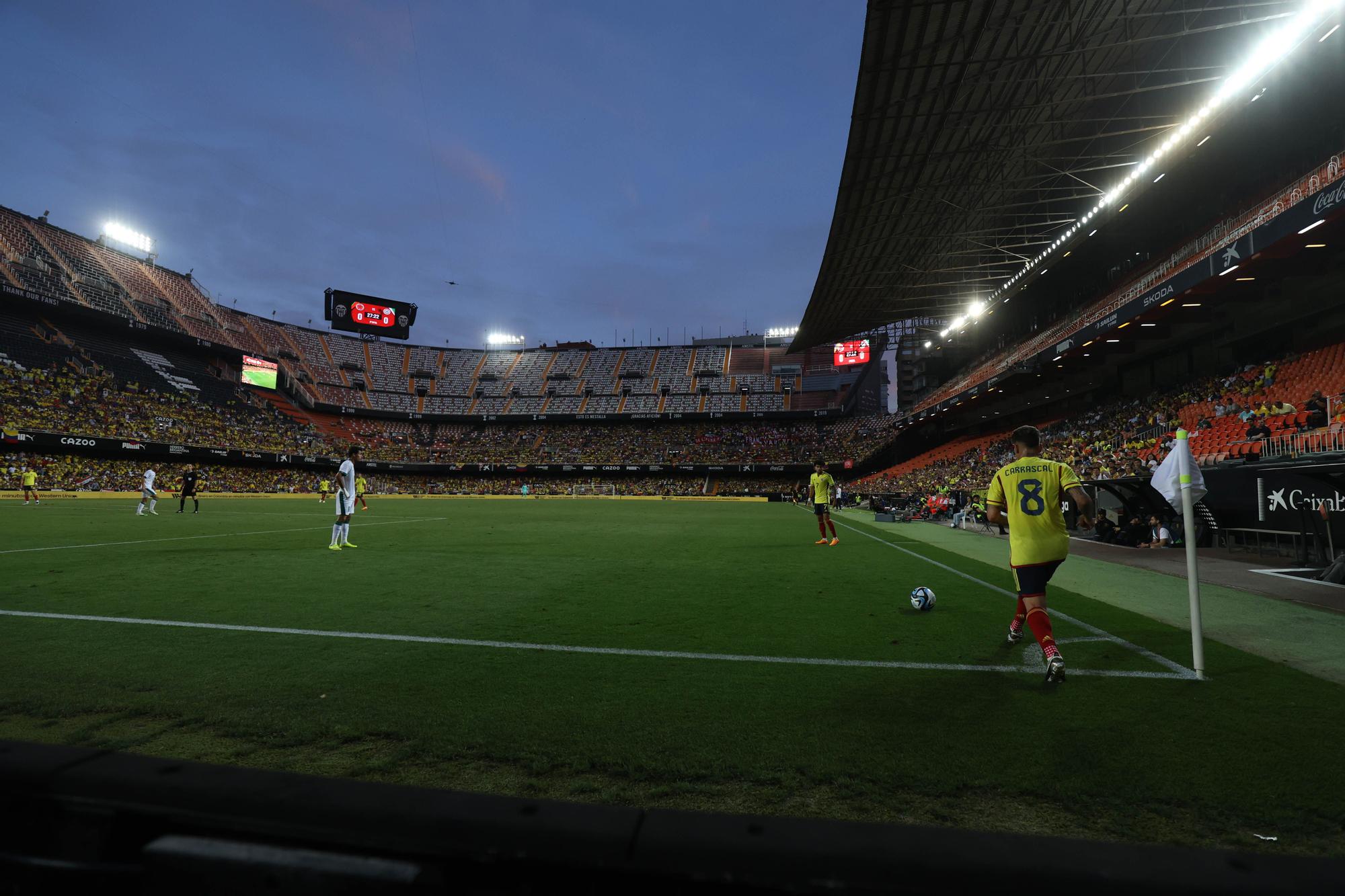 Colombia tiñó de amarillo las gradas de Mestalla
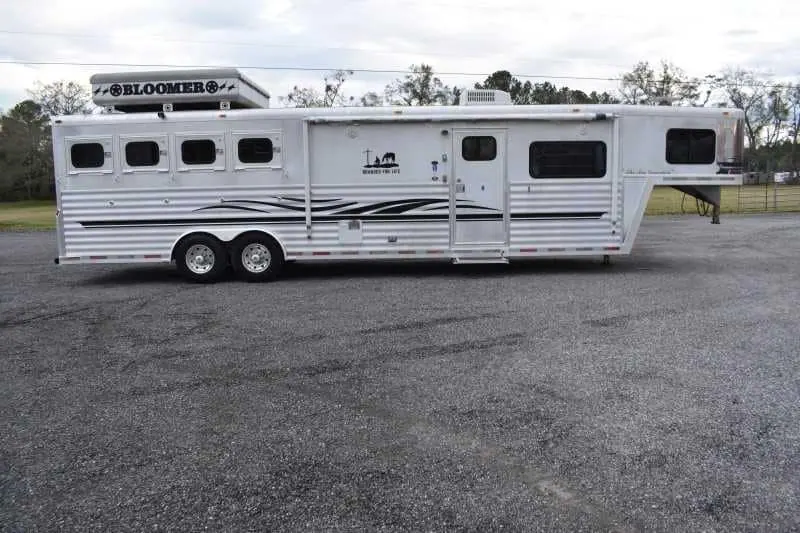 2003 Bloomer 8414LQ 4 Horse Trailer with 14' Short Wall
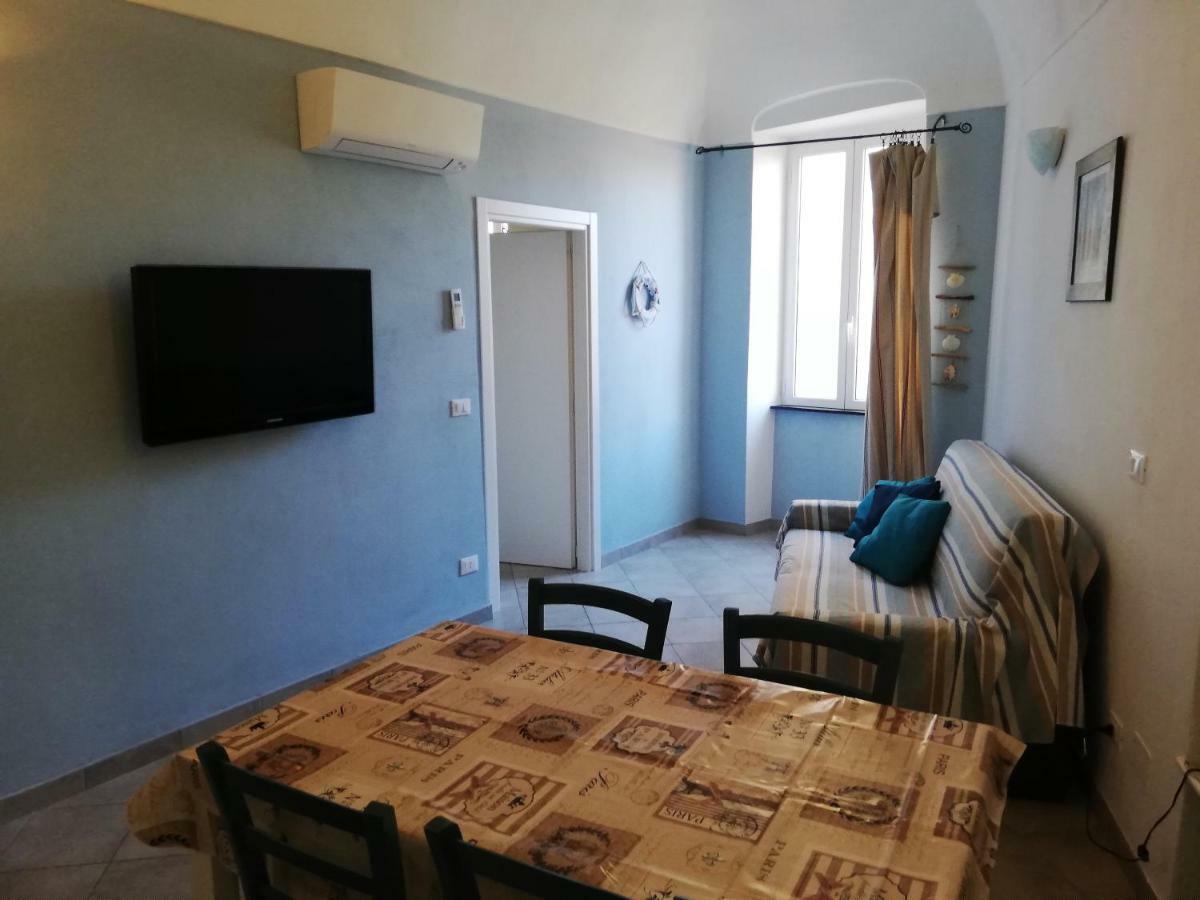 Ferienwohnung I Fiori Di Santo Stefano Santo Stefano al Mare Exterior foto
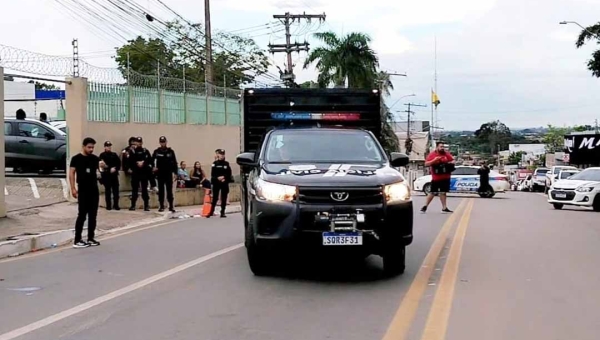 Corpos de servidoras do Instituto São José são levados ao IML; duas pessoas ficam feridas em ataque de estudante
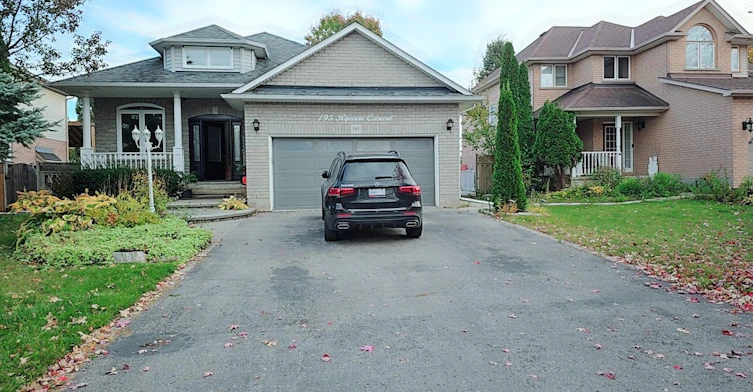 Main Flr-195 Ryerson Crescent, Oshawa, ON, L1G 8A8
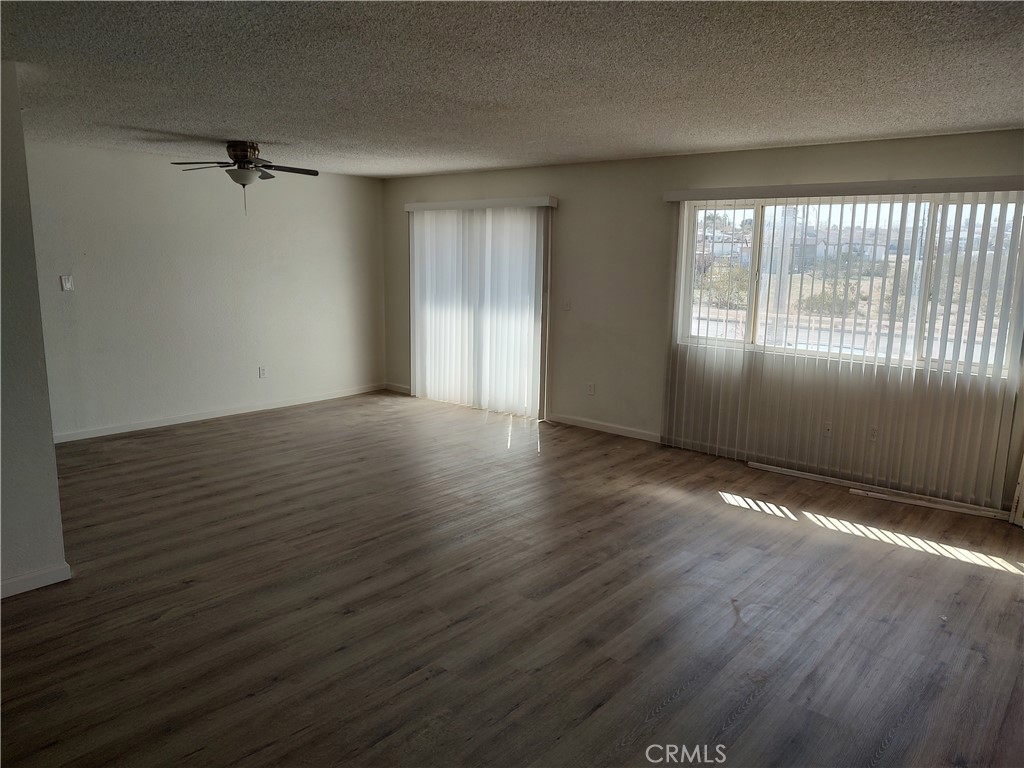 1131 Barstow Road Barstow, CA 92311 - Photo 35 of 36 Unit C - Living Room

_ _ _ _

- _Exercise instructions_: Please output all of the entries above exactly, but without any picture.

- _Reply_:
 Colombia tiñó de amarillo las gradas de Mestalla
 2003 Bloomer 8414LQ 4 Horse Trailer with 14' Short Wall
 Ferienwohnung I Fiori Di Santo Stefano Santo Stefano al Mare Exterior foto
 Corpos de servidoras do Instituto São José são levados ao IML; duas pessoas ficam feridas em ataque de estudante
 Main Flr-195 Ryerson Crescent, Oshawa, ON, L1G 8A8
 1131 Barstow Road Barstow, CA 92311 - Photo 35 of 36 Unit C - Living Room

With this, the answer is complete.